Good news is all over this still very new year. The “January effect” -- the traditional January stock market rally that follows the traditional December sell-off -- was the best since 1999. Same-store retail sales in January beat all projections with a 5.2 percent yearly gain. Car sales have had a nice comeback. And consumer confidence has now increased for three straight months.

Even wages are coming online. According to the Bureau of Labor Statistics, average weekly earnings are up 3.6 percent year-on-year. That’s the best since 2000. Then there’s the personal-income proxy derived from hours worked multiplied by wages. This measure registered a 6 percent gain in the year ending January, way up from 4.5 percent last October. With retail gasoline prices coming down 23 percent last fall, from $3.07 to $2.36, real wages are on the rise.

Pessimists can obsess about a mild housing slowdown, but expanding businesses and jobs are throwing off plenty of income. If only the president would jump on all this positive economic data, the pessimists would be exposed as data-deprived, hyperbolic, and just plain wrong. More, by truly seizing the economic moment, he would strengthen his case for tax-cut extensions. Right now, he doesn’t yet have the votes in the Senate. The battle must be joined.

Additionally, the Bush administration has just requested another $70 billion for the battlefronts of Iraq and Afghanistan, another $18 billion for Gulf Coast recovery, and $2.3 billion in case the Avian Flu epidemic ever arrives.

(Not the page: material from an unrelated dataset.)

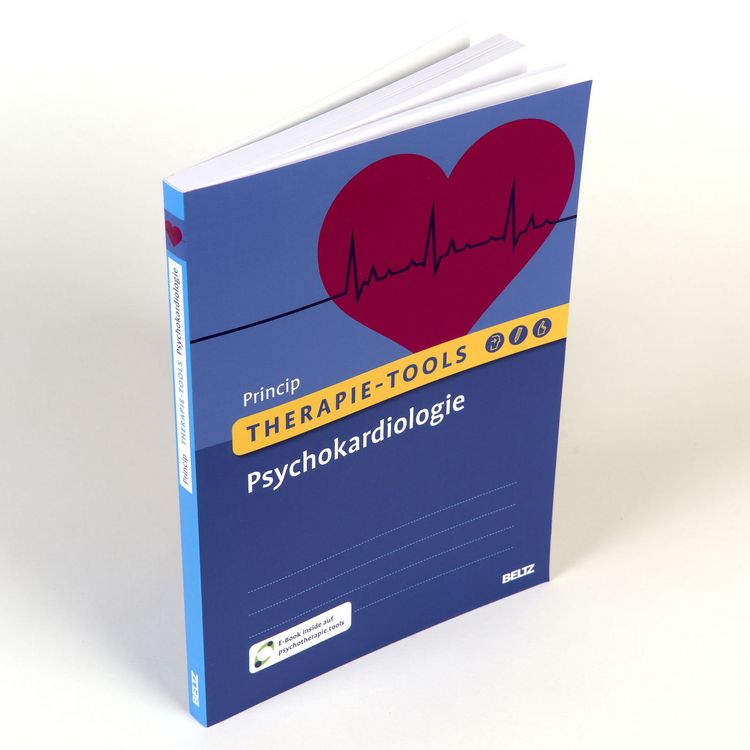 Produktbild: Therapie-Tools Psychokardiologie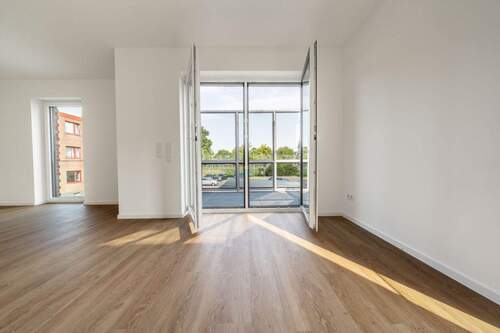 Esszimmer - 3 Zimmer Etagenwohnung zum Kaufen in Bad Zwischenahn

This is essential spending, but it is also essential that budget makers dig deep for spending offsets. A $400 billion budget-deficit estimate will politically damage the tax-cut case. New House Majority Leader John Boehner must really get moving on the road to budget reform.

If there is no turnaround, overspending and headline deficits will politically crowd out the vital tax-cut extensions that are so necessary to investor, business, and consumer confidence.

The supply-side economic growth plan is working. But the governing GOP coalition must close the circle on budget restraint. Economic growth and Republican political longevity depend on it. The president must do his part by turning up the volume on the good-news economic data.